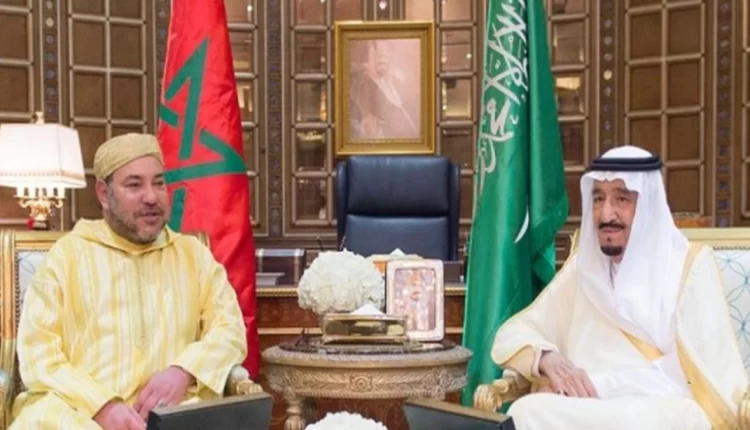 جلالة الملك يهنئ خادم الحرمين الشريفين بمناسبة الذكرى العاشرة لبيعته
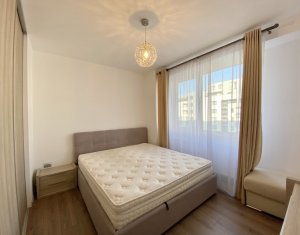 Apartament cu 3 camere, str Soporului, mobilat lux, parcare subterana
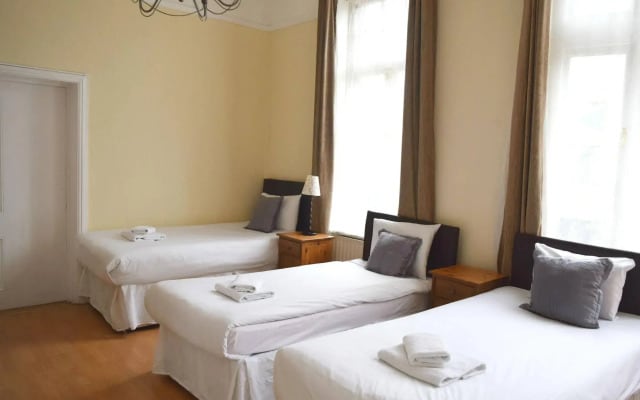 Black Lion Guesthouse
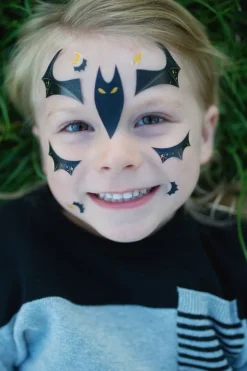 Pegatinas de cara Batman · Great Pretenders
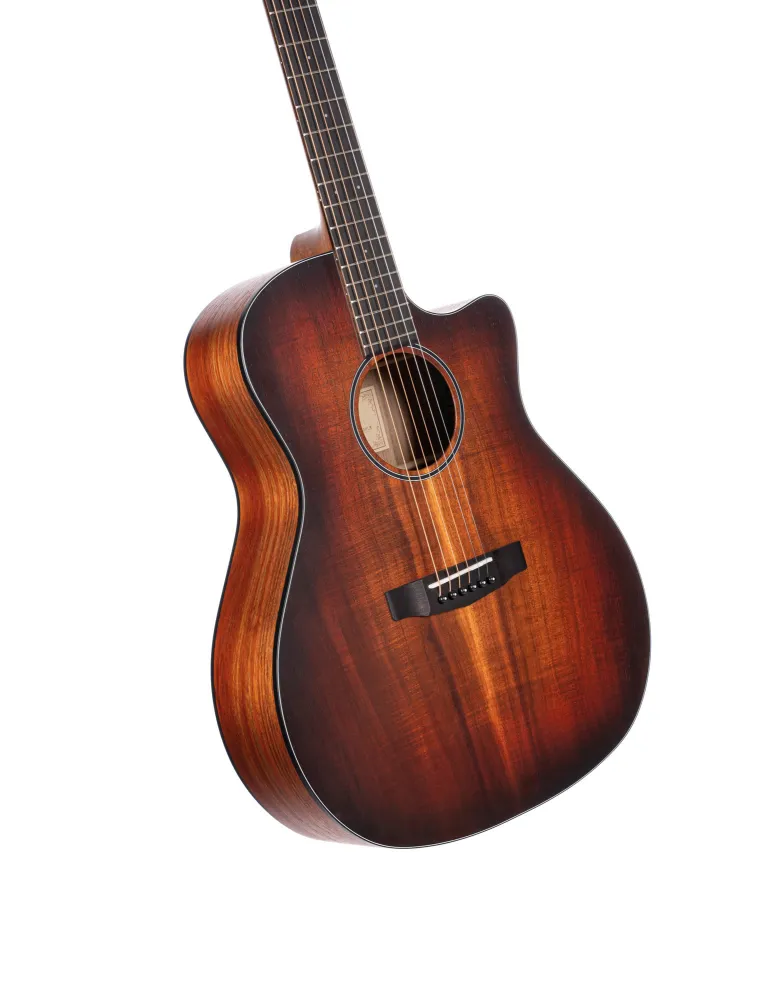  CORT GITARRE CORE-GA BLACKWOOD L. BURST|MusicGoodDeal 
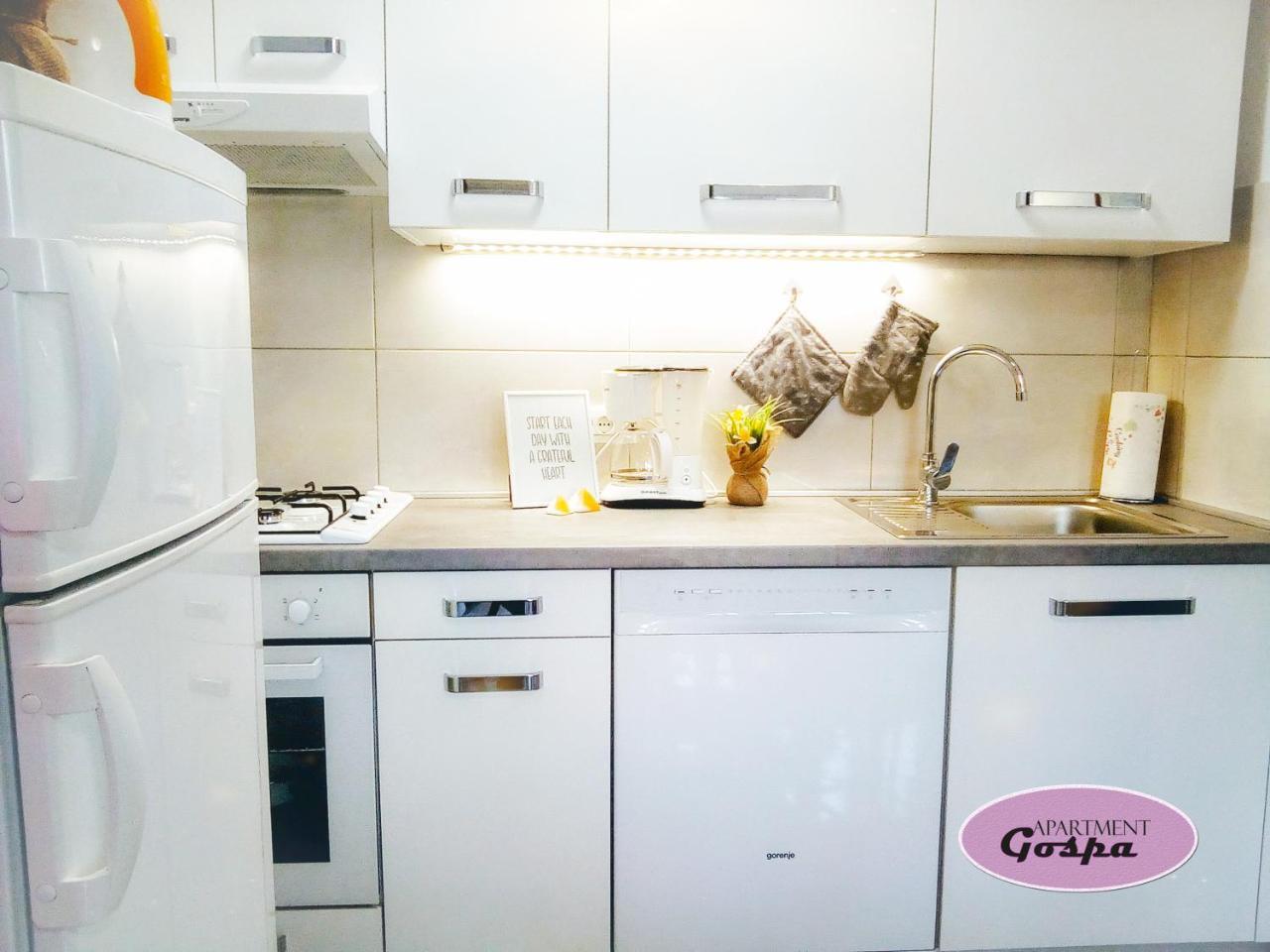 Apartment Gospa 普拉 外观 照片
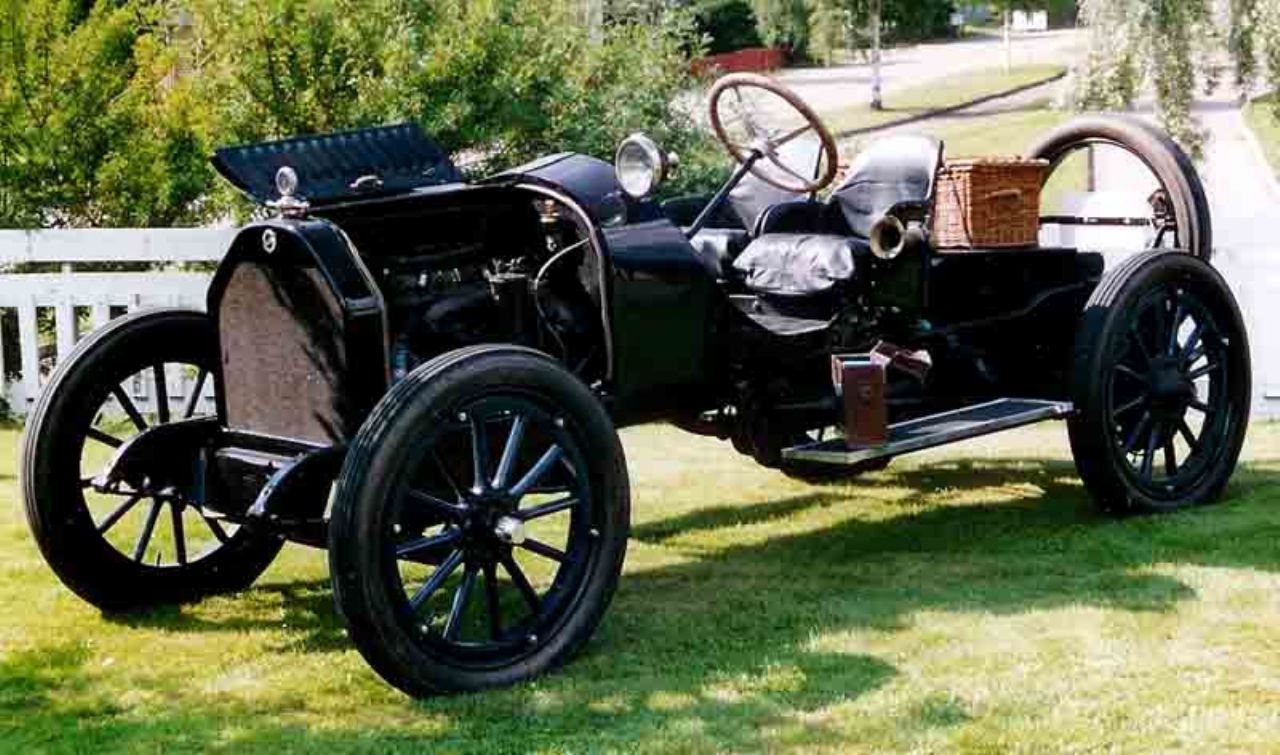 Konec za originalni Studebaker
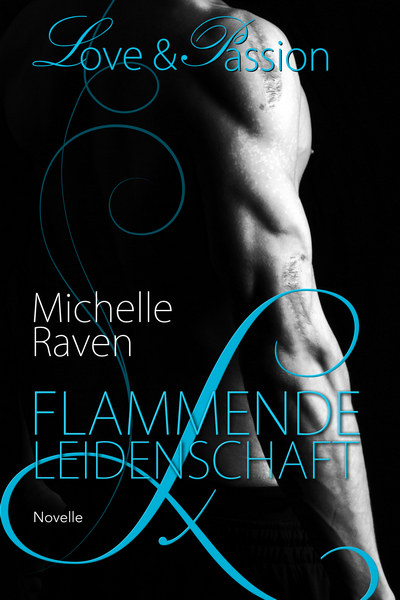 Cover Love and Passion Reihe Band 2 Flammende Leidenschaft 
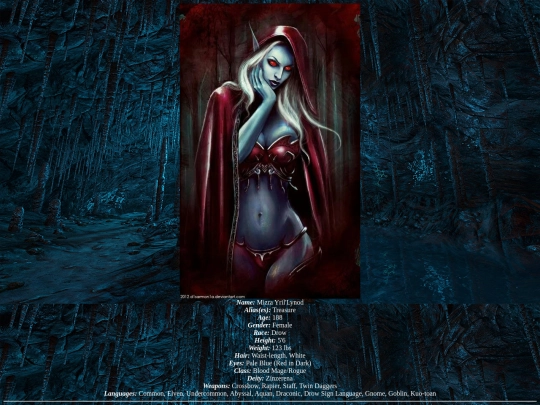 Mizra screenshot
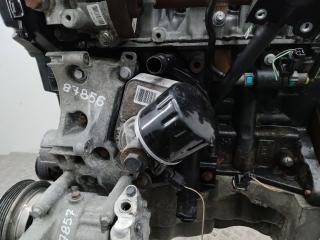 теплообменник масляного фильтра Renault Clio 3 поколение [рестайлинг] 2011, 1.5 л., дизель, МКПП, 779744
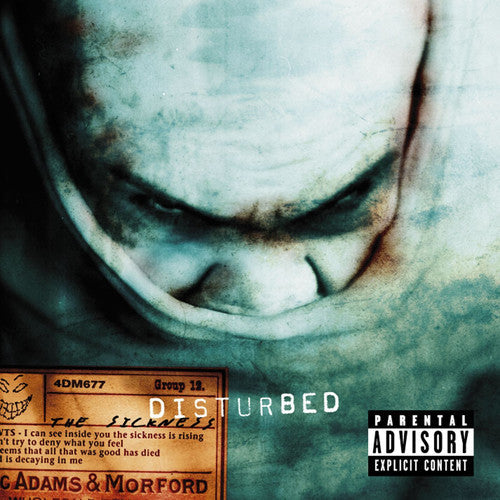Disturbed: Sickness [ Record ]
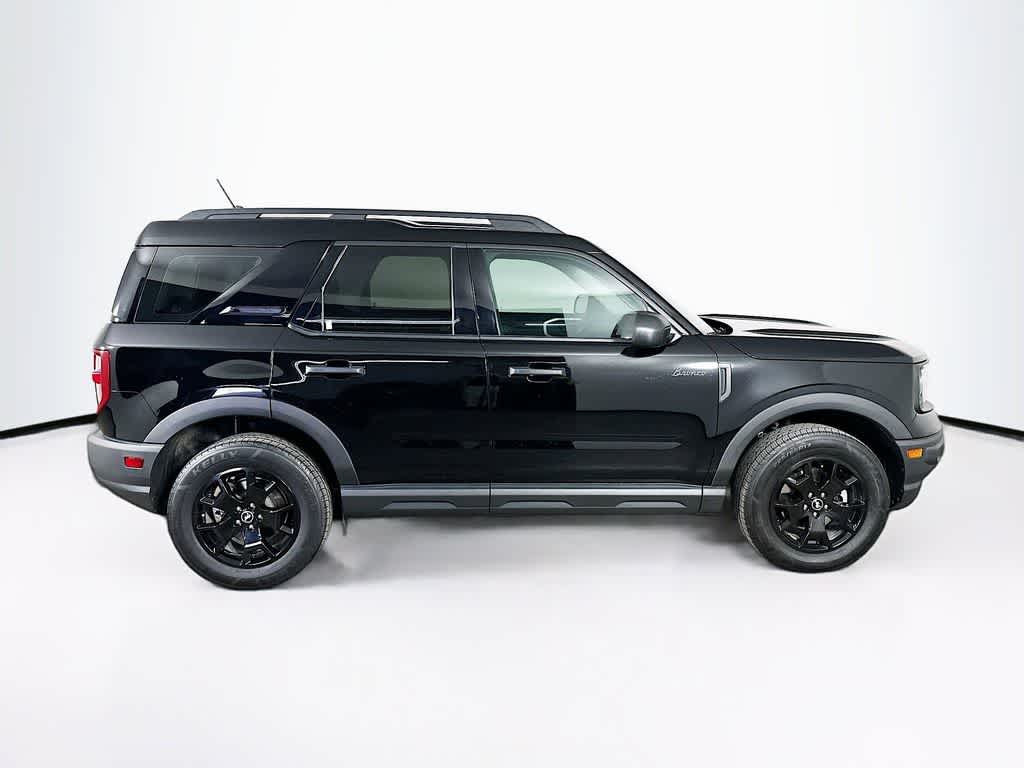 2022 Ford Bronco Sport Base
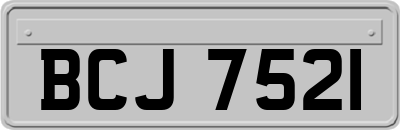 BCJ7521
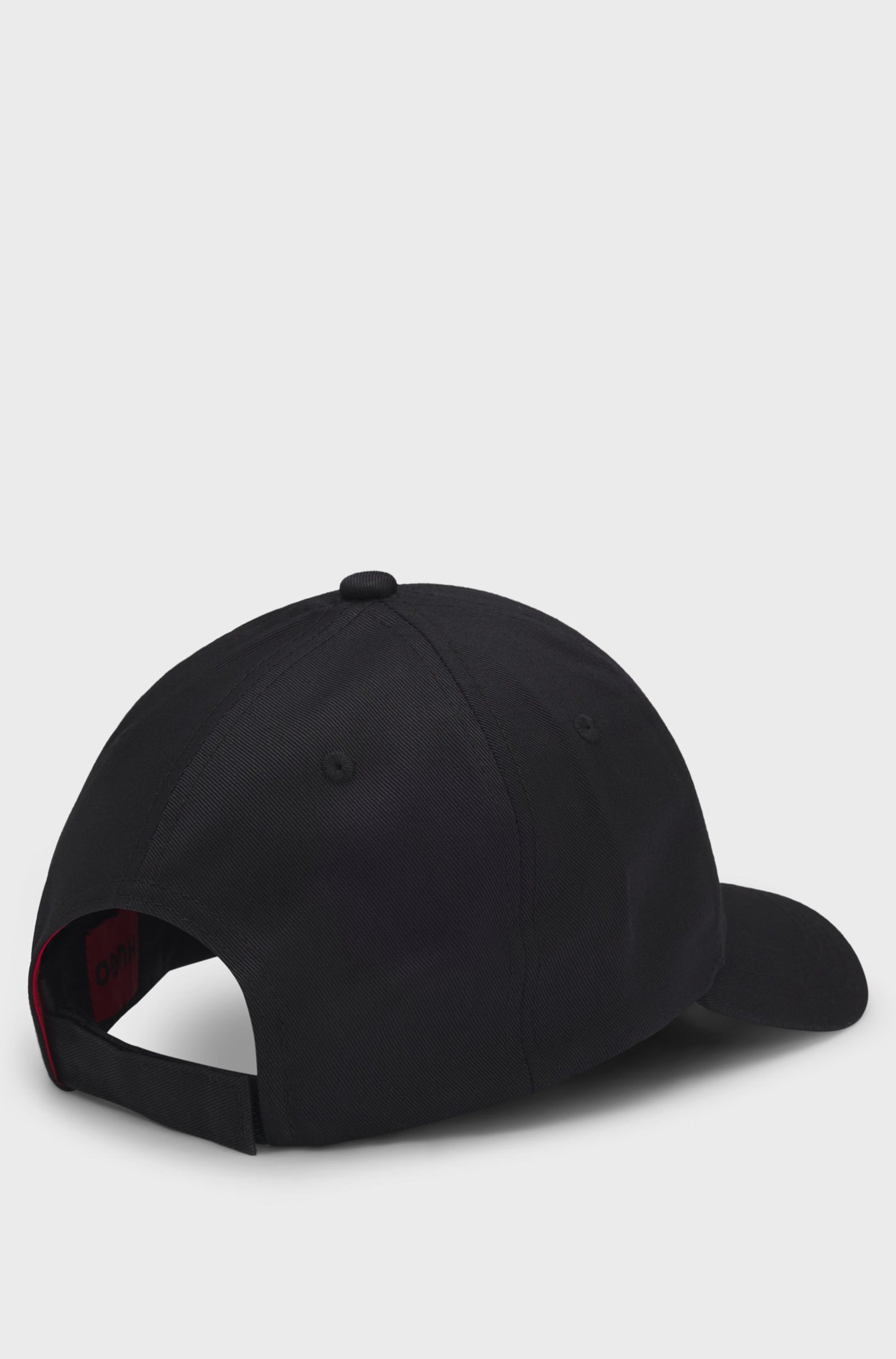 Hugo Boss Black Cotton-Twill Baseball Cap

------------------------------------------------

> **WHAT NEEDS TO BE DONE**
Write out exactly the lines from the one containing "теплообменник масляного фильтра" through the end of the entries, both included. Pictures are not copied.

> **SOLUTION TO THE PROBLEM**
 теплообменник масляного фильтра Renault Clio 3 поколение [рестайлинг] 2011, 1.5 л., дизель, МКПП, 779744
Disturbed: Sickness [ Record ]
 2022 Ford Bronco Sport Base
 BCJ7521
 Hugo Boss Black Cotton-Twill Baseball Cap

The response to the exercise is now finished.